NBPA breaks away from path taken by NFLPA

The unfair labor practices charge filed last month by the National Basketball Players Association against the NBA was an unexpected turn of sorts in the two sides’ ongoing dispute regarding a new collective-bargaining agreement for the league.

Sports industry experts for months have been expecting NBA players to follow the strategy of NFL players in that league’s labor dispute this year — namely, that the NBPA would decertify as a union and file an antitrust lawsuit against the NBA, just as the NFLPA decertified and filed an antitrust lawsuit against the NFL.

What was not widely expected was that the NBPA would file the unfair labor practices charge with the National Labor Relations Board, as it did on May 24. The union alleged, among other things, that the league was dealing directly with players and bypassing the union as well as failing and refusing to provide relevant financial information requested by the union to understand its financial demands. In a statement, it urged the board to seek an injunction against the league’s threat to lock out players.

The NBA said the allegations have no merit.

The league’s CBA expires June 30. The league and union held collective-bargaining sessions last week, and both players and owners said they were hopeful a lockout could be averted after emerging from at least one of those sessions, according to reports.

Sources close to the players said the NBPA could still decertify and file an antitrust case against the league, regardless of any decision by the NLRB, but legal and labor experts had differing opinions on what the unfair labor practices filing might mean for any possible, future decertification of the basketball players union.

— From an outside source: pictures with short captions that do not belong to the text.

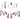 Mocsicka Halloween Bloody Weapon Banner Party Decoration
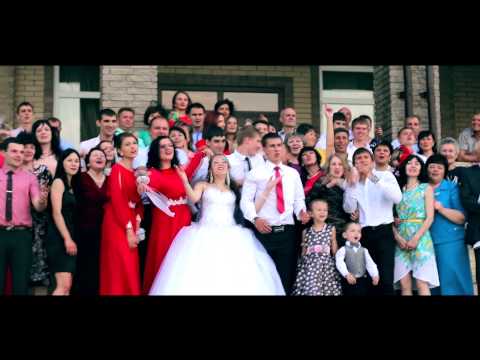 Портфолио: Свадьба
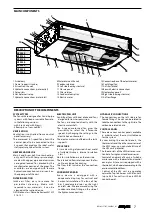 Preview for 7 page of AERMEC VES030 Technical Manual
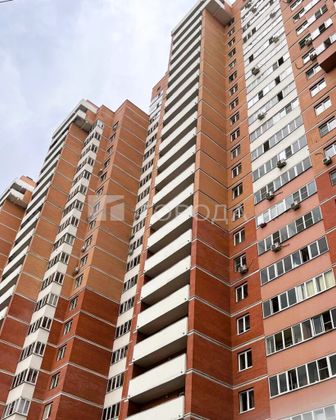 Продажа 3-комнатной квартиры 89 м², 18/26 этаж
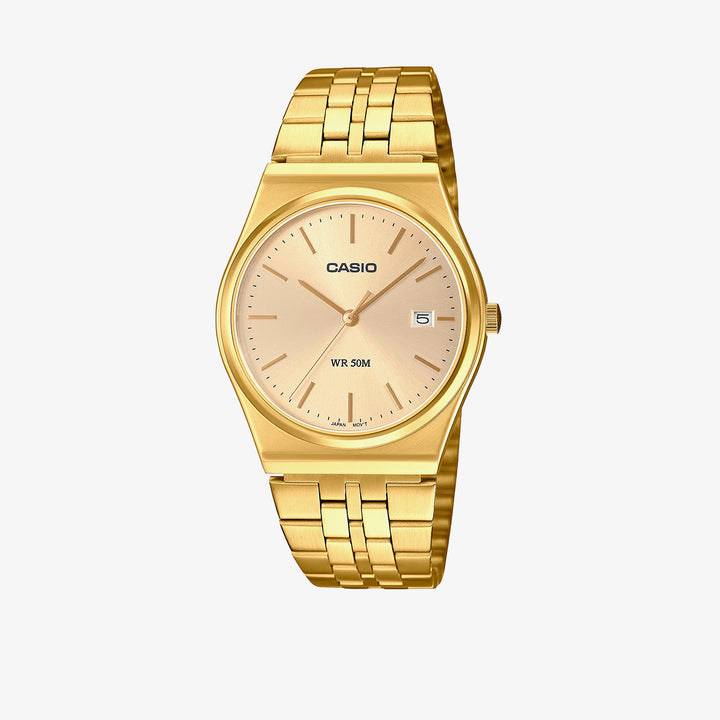 Wrist Watch Analog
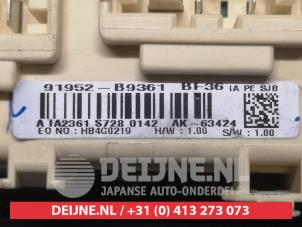 Hyundai I10 Zekeringkast O745679 foto 2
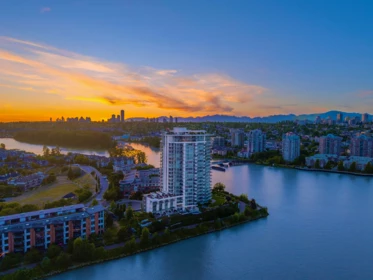 1501 210 Salter Street, New Westminster, BC, New Westminster — Apartment/Condo for sale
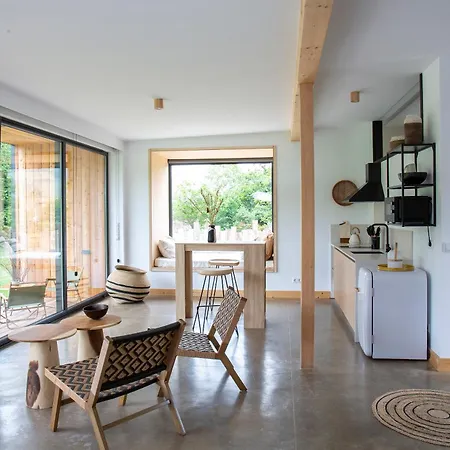 Βίλα Vibe Luxury Arnuero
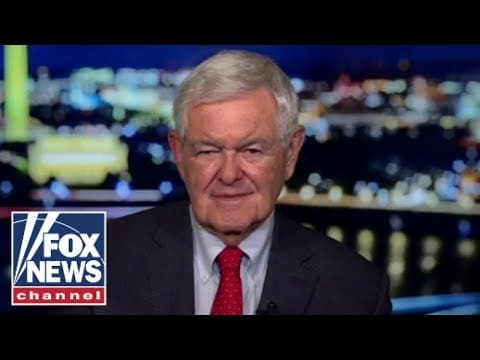 newt-gingrich:-democrats-know-they-can’t-beat-trump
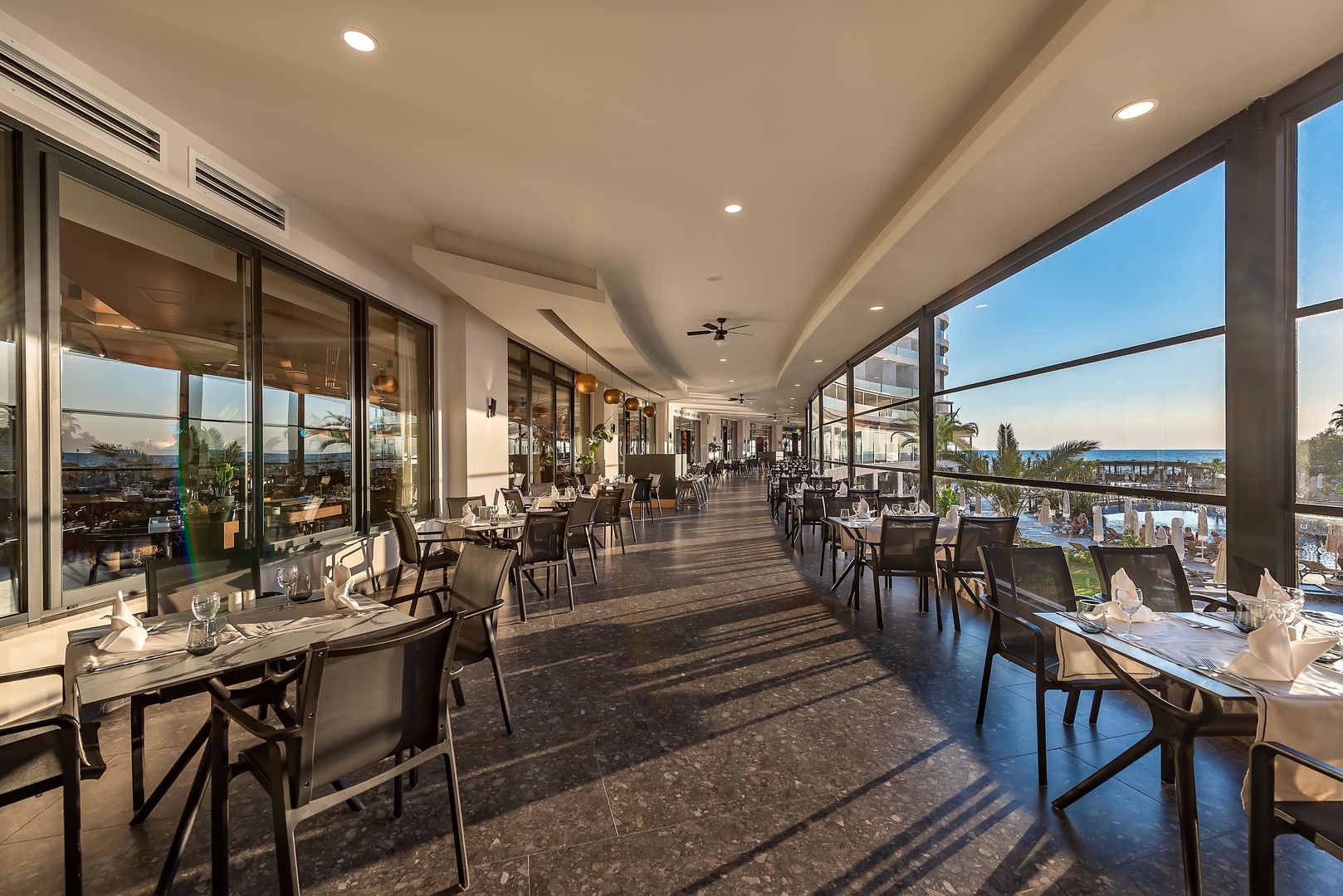 Seaden Quality Resort & SPA foto 23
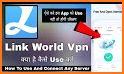 LinkWorld VPN related image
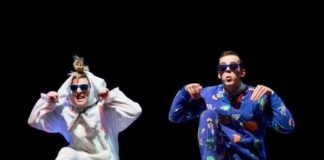 Senigallia, al Nuovo Melograno va in scena “Emoootions”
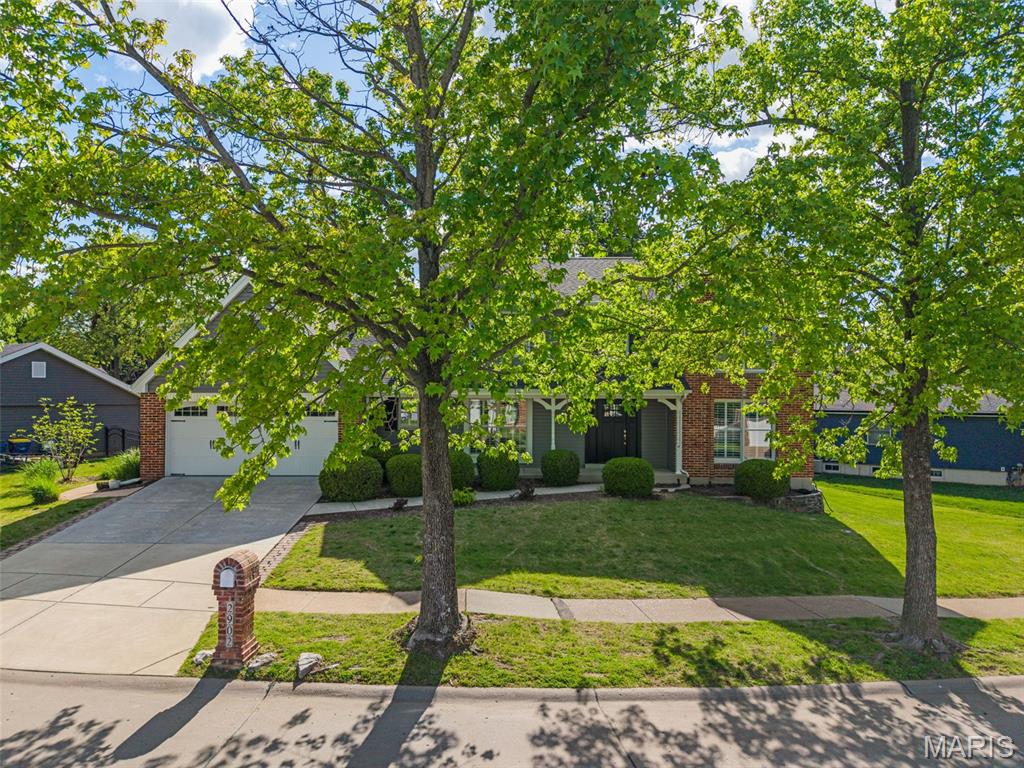 2902 Piney Pointe Drive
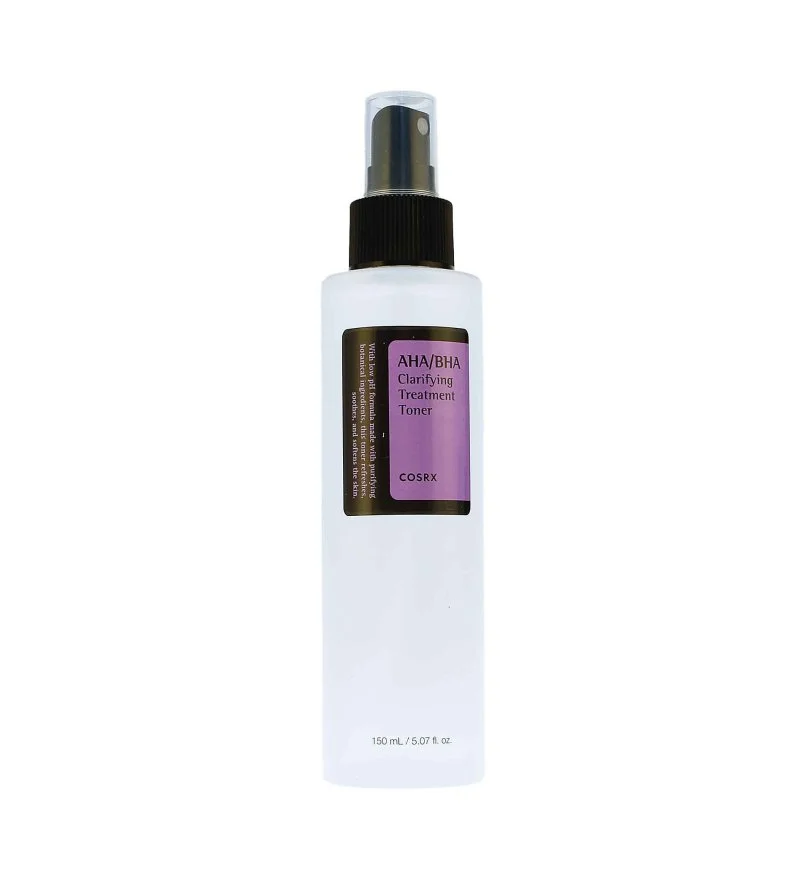 AHA/BHA Clarifying Treatment Toner čistilni tonik za obraz 150 ml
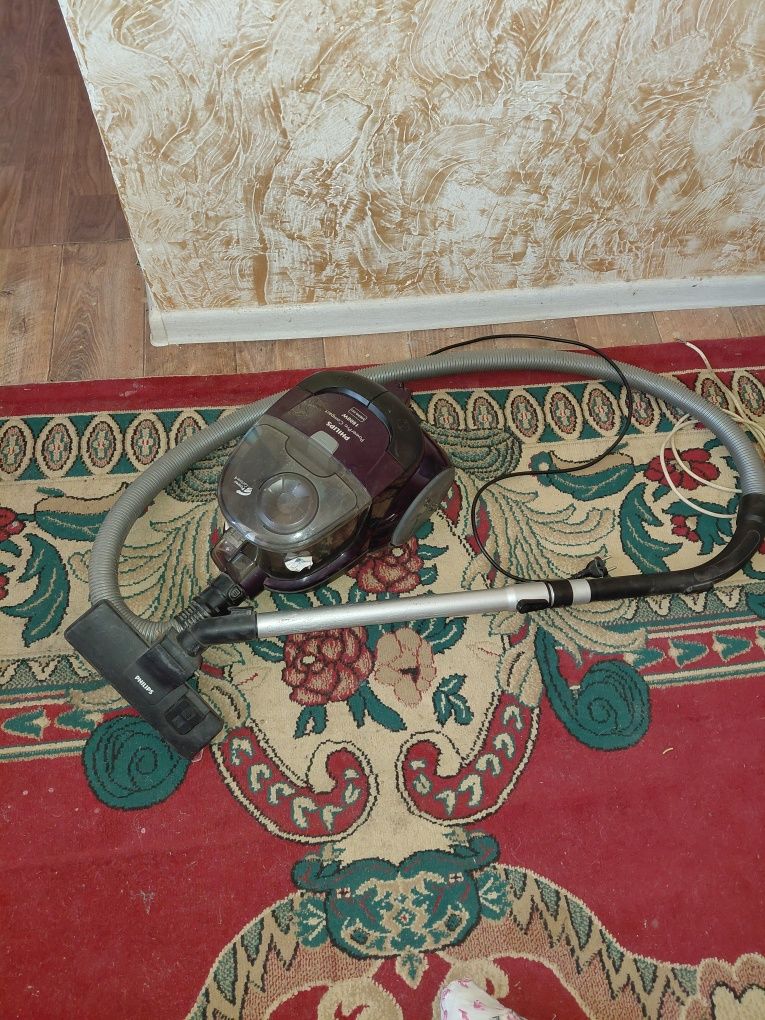 Пилесос 2шт рабочая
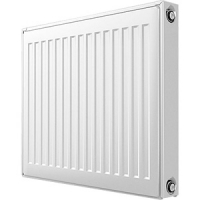 Стальные панельные радиаторы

The reason NFL players decertified their union was they were not able to file an antitrust case against the league while remaining a union because of an antitrust exemption attached to a labor organization under law.

The NBPA’s unfair labor practices charge “shows to me that they are putting all their eggs in the labor law barrel, because this is likely to harm any antitrust proceeding that they institute because they are acting like a union,” said Bill Gould, a Stanford Law School professor and former chairman of the NLRB. Gould noted that the NFL players did not file an unfair labor practices charge against the NFL. In fact, the league filed a charge against the players (see related story).

“I think if they did file for a decertification, there would be an argument made that they are trying to get two bites at the apple: the antitrust bite and the labor bite,” Gould said.

Gabe Feldman, director of the sports law program at Tulane University, said he would not be surprised if NBA owners argue the players are trying to use labor laws and antitrust laws at the same time. The players, Feldman said, could respond that labor laws applied only while the collective-bargaining relationship existed.

“That filing with the NLRB shows that they are going to exercise every weapon,” Feldman said. “Decertification is not their only strategy.”

NFL players decertified the NFLPA hours before the CBA expired because if they had waited until after it expired, they would have had to wait another six months to file a lawsuit against the NFL, under the old CBA. The NBA players have no such restrictions on whether or not they can decertify.